The Butterfly Man crossed the room with half a dozen quick strides. "Bert, old man, I'm sorry to see you in a fix like this. I didn't think things would go this far. Bill Harrison saw you arrested, and legged it for a telephone to let me know. I was out at the time; he kept after me until I answered. I got the car and came right down."

So that was why Bill had stumped away. "I might have known he wasn't running away from me," Bert said.

"Who? Bill? Bill would never run out on a friend. Now, let's get at the bottom of this. Is Sam seriously hurt?"

"Only a cut on the head."

"That's good to begin with. How did it happen?"

Bert told him the story, beginning with the visit and the proposals of Old Man Clud, and ending with the attack on Sam.

The Butterfly Man's face was grave. "Sam was on his way out of the store?"

"Yes, sir."

"Then you hit him from behind."

Bert sighed and, after a moment, dropped his head.

"There, there!" the man said gently. "Forgive me, Bert; but hitting from behind always has a bad ring. I guess you didn't think."
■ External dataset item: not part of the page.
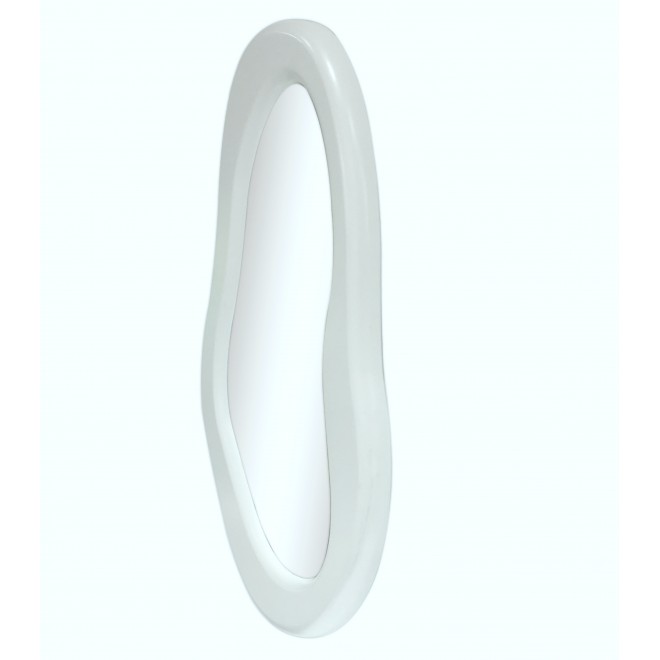 Espejo Forma Organica Madera Laqueada...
"I didn't think of anything," the boy answered, "except that he was walking out free and leaving me to face everything. It made me wild, and I threw what was in my hand."

"Does your father know?"

A nod.

"Has he been in to see you?"

Another nod.

"Wouldn't they let him give bail for you until you have a hearing?"

"He said I could stay here and learn my lesson." Something sullen crept into his words, and their purport was to accuse his father of a grievous crime. Up to this point he had been a penitent, sorry for what he had done, a-tremble as to the outcome, accepting his father's action as no more than he could expect. But Tom Woods' presence, the fact that the man had ridden far to reach him, made the contrast of his father's desertion a bitter and resentful pill. Self-pity, always quick to flower in a boy, pictured him as a martyr to outrageous fortune.
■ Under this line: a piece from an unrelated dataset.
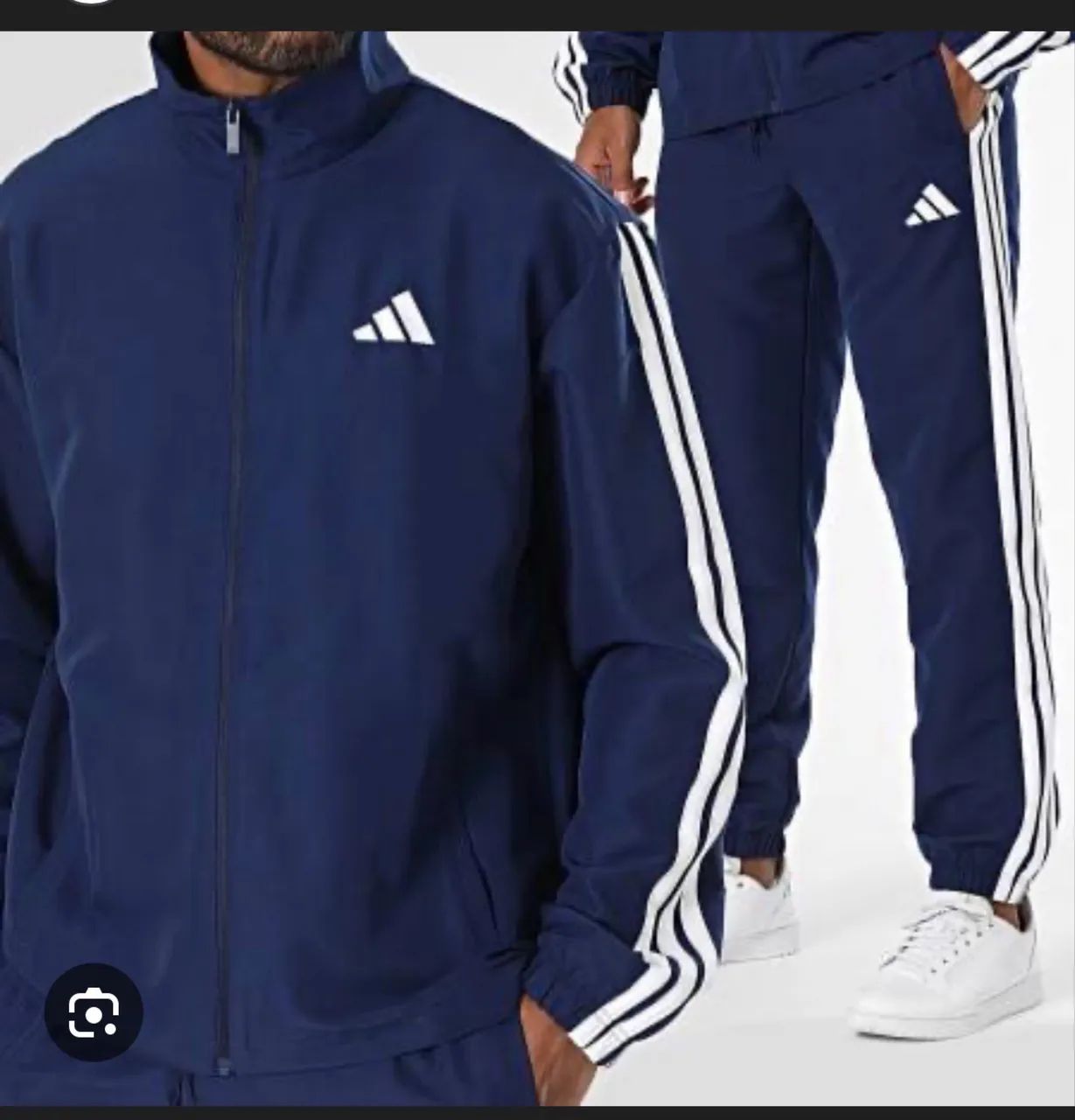 Agasalho Adidas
The Butterfly Man, apparently, paid no heed. He fumbled through his pockets and found his pipe and tobacco.

"Bert?" he asked quietly, "did it ever dawn on you that it might be a mighty good thing for you to learn the lesson? You've been hit pretty hard, but you had it coming to you. You've been riding on the edge of a volcano, and at last the volcano has spat fire and you're looking for someone to bind your wounds and tell you you're a poor, abused lamb. This is no time for honey and molasses; this is a time for plain, straight talk. You've been up to your eyes in trouble for months. Why? You think because luck was against you. That's only half the story. You've been in trouble because you threw your father overboard. You're sitting in a police station to-night with a charge over your head because you told the captain of the ship he didn't know the landmarks. You took the wheel and tried to be your own pilot, and you've landed on the rocks."

Coming from Tom Woods, staunch friend and whimsical comrade, the attack was staggering. Bert's confidence of consolation gave way to dismay. Shaken and jarred, he could only stare and try in his bewilderment to reason what had happened. "You're turning against me, too," he said miserably.

"Bosh!" said Tom Woods. "That's baby talk. Nobody went out and dug a hole for you and invited you to fall in. You dug the hole yourself. And you've been a long time digging it. Let's go back to the beginning. When you and Sam started out together, what was in your mind? You saw success. For whom? For yourself. You were going to show people what a great fellow you were. And what were your father's thoughts when he started his business? Did you ever stop to think about that? He was looking years ahead. He was seeing the day when, instead of battling the world for a foothold, you'd find a pinnacle waiting, a tower of success built by his hands all ready for you. Every time he looked at his sign he was thinking of the day when it would read 'Quinby and Son' and he and you would be in there working, planning and achieving together. What did that mean to you? Nothing. You thought so little of it that you wouldn't put your shoulder to the wheel and push when you were needed. He had to fire you and hire an outsider in your place. Did you ever stop to think how he must have felt about that? Sam's desertion angered you so much that you knocked him senseless. Yet you deserted your father. What right have you to whine if he deserts you now?"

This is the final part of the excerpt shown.